__What this task involves__. Extract each line holding the word "also" from the entries.

__The data__.
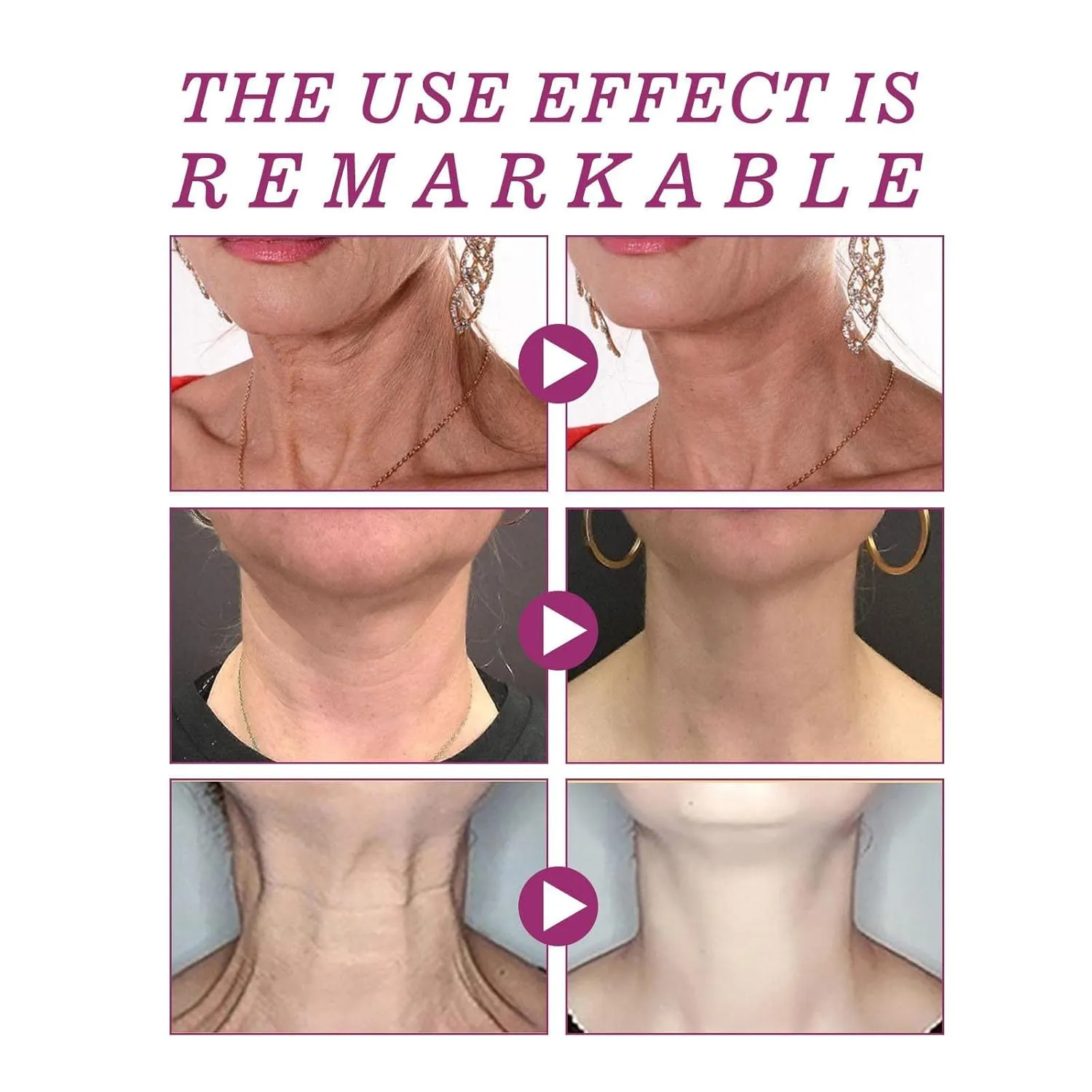 Spain NECKPON Hydrolized Collagen Neck Cream, Neck Firming Cream Tightening Sagging Skin Anti Aging Collagen Firming Cream for Neck (3pcs)
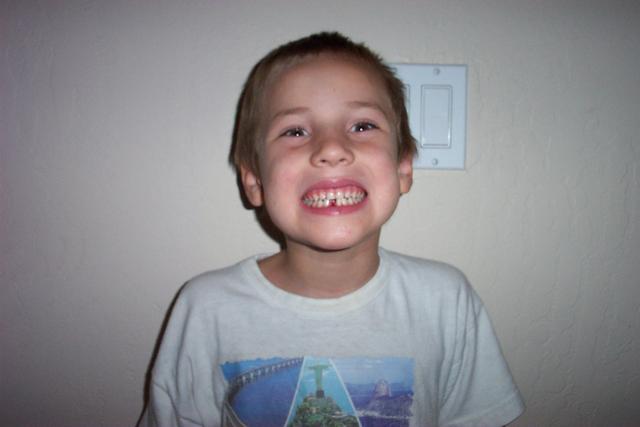Dareks first tooth 001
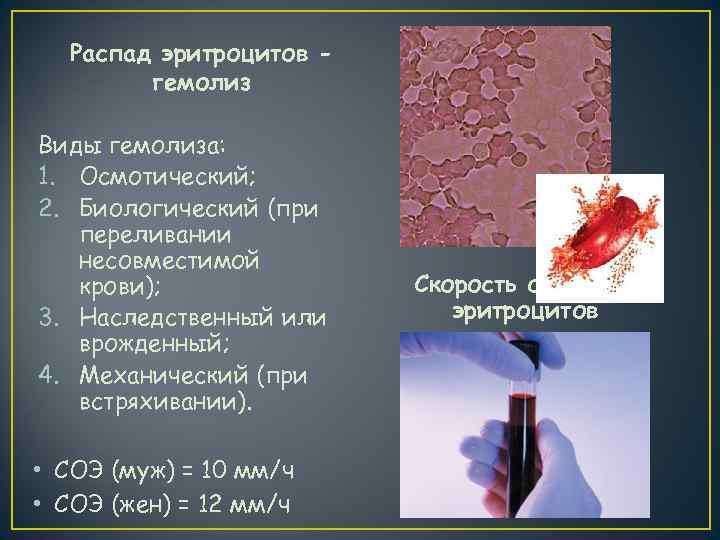  Распад эритроцитов -   гемолиз Виды гемолиза: 1. Осмотический; 2. Биологический (при
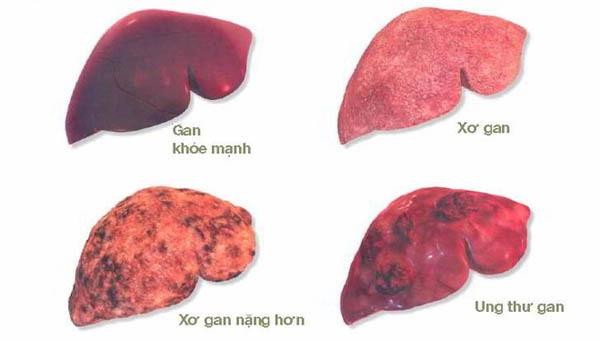 Chuyên gia cảnh báo những dấu hiệu mắc ung thư gan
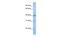 Thioredoxin Domain Containing 15 antibody, A16101, Boster Biological Technology, Western Blot image 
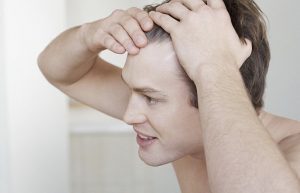 What Happens If I Get A Hair Transplant, But Keep Losing Hair?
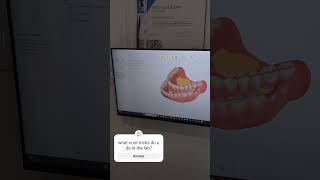 Using pin tracers How to make life easier meditdesign digitaldentures [upl. by Ivett]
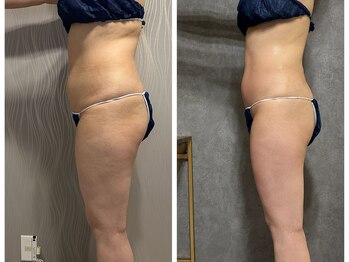 フュース(Futh)/お腹/腰回り/ダイエット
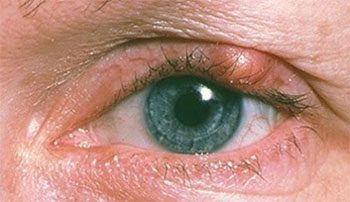 Народные методы лечения ячменя глаза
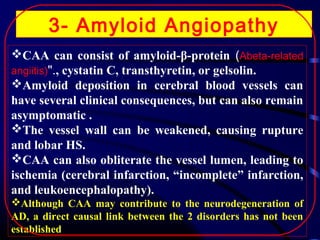3- Amyloid Angiopathy
CAA can consist of amyloid-β-protein (Abeta-related
angiitis)"., cystatin C, transthyretin, or gelsolin.
Amyloid deposition in cerebral blood vessels can
have several clinical consequences, but can also remain
asymptomatic .
The vessel wall can be weakened, causing rupture
and lobar HS.
CAA can also obliterate the vessel lumen, leading to
ischemia (cerebral infarction, “incomplete” infarction,
and leukoencephalopathy).
Although CAA may contribute to the neurodegeneration of
AD, a direct causal link between the 2 disorders has not been
established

__Solution to this task__.
have several clinical consequences, but can also remain
CAA can also obliterate the vessel lumen, leading to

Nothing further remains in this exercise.